Ce texte modifie les conditions de mise en œuvre d’un certain nombre de dispositifs (OPAH, ORI ? ORCOD) pour permettre une intervention plus précoce des pouvoirs publics. Il crée également une nouvelle procédure d’expropriation. Parmi tous les outils modernisés et créés, les députés ont ajouté, au cours des débats, un article 5 bis relatif au syndic d’intérêt collectif, adopté en première et unique lecture le 23 janvier 2024.
Les préfets pourront délivrer des agréments
Aux termes de cette disposition rédigée, peut être un peu rapidement, les préfets de département pourront délivrer à certains syndics un agrément de « syndic d’intérêt collectif », leur donnant compétence pour « intervenir dans les copropriétés faisant l’objet des procédures prévues aux articles 29-1 A et 29-1 » de la loi du 10 juillet 1965. Le texte précise que « le syndic d’intérêt collectif a pour mission de gérer les copropriétés pour lesquelles un mandataire ad hoc a été désigné sur le fondement de l’article 29-1 A. Il peut également, à la demande d’un administrateur provisoire désigné sur le fondement de l’article 29-1, assister ledit administrateur dans ses fonctions de gestion ».

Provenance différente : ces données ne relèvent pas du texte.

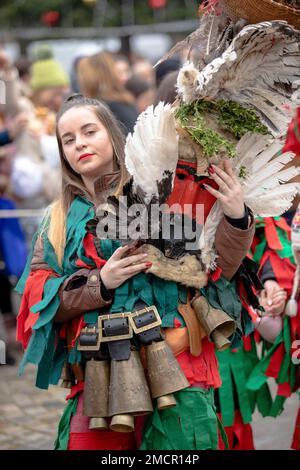 Breznik, Bulgarien - 21. Januar 2023: Maskenfestival in Breznik, Bulgarien. Menschen mit einer Maske namens Kukeri tanzen und treten auf, um das Böse zu erschrecken Stockfoto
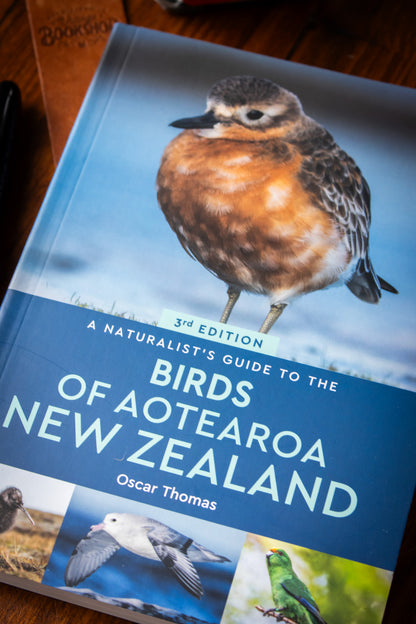 Naturalists Guide To The Birds Of Aotearoa New Zealand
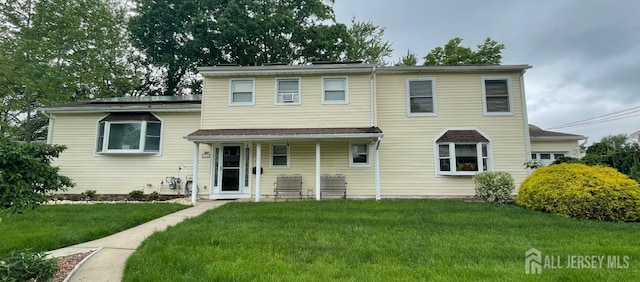 view of front of property featuring a front yard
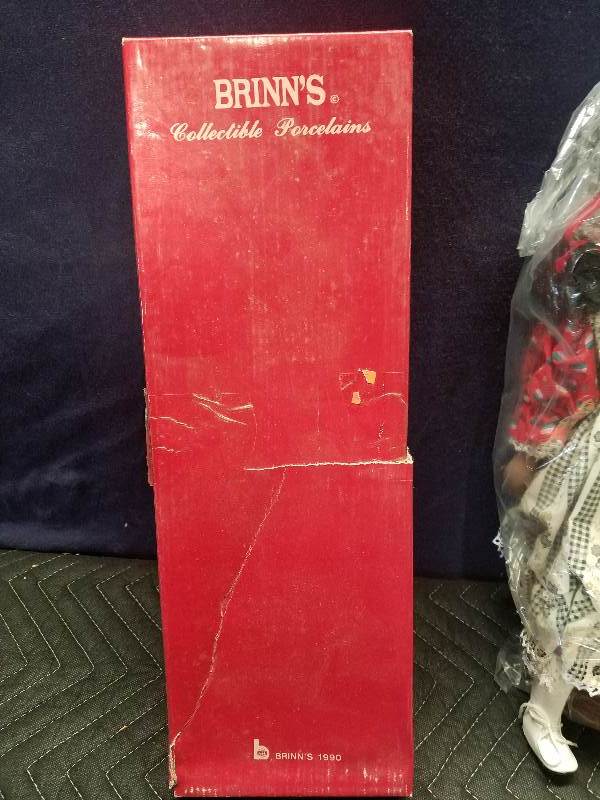 lot 117 image: Collectible Doll
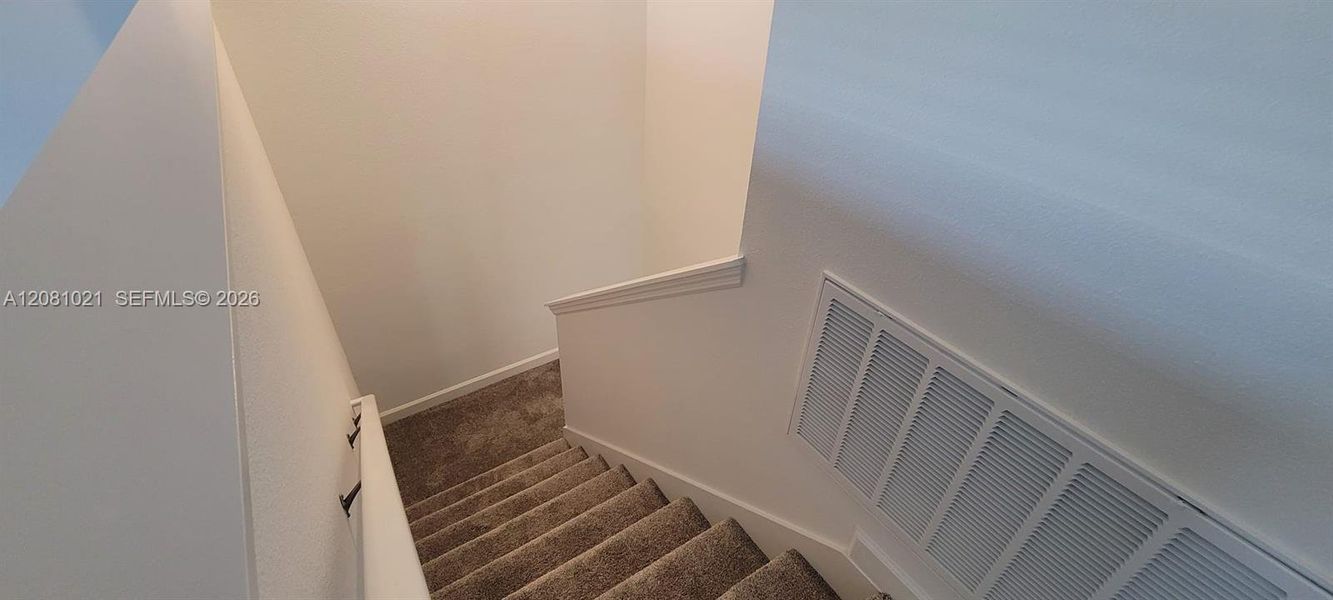 Spacious, unfurnished interior of a new home in , Orlando (Image 26).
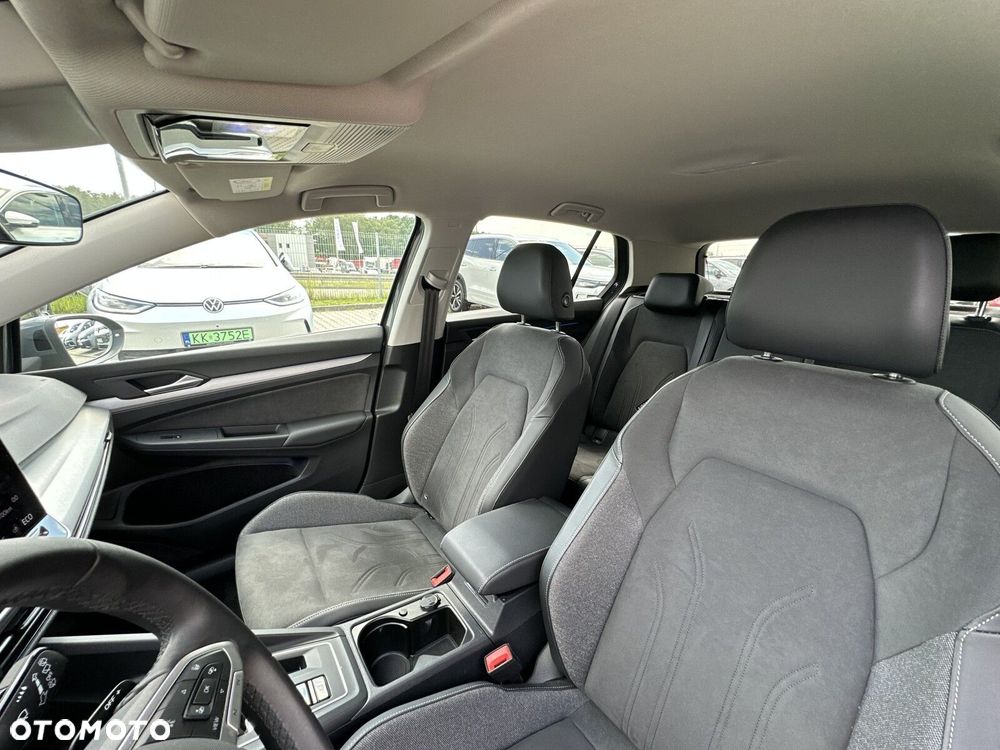 Volkswagen Golf - 12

L’agrément est censé être délivré pour une durée de cinq ans, « au regard notamment de la capacité et des compétences du syndic à accomplir les missions [mentionnées] », le texte ajoutant de manière surprenante que les organismes HLM sont réputés remplir les conditions. On espère qu’il s’agit au moins de ceux – un gros quart – qui ont développé une activité de syndic…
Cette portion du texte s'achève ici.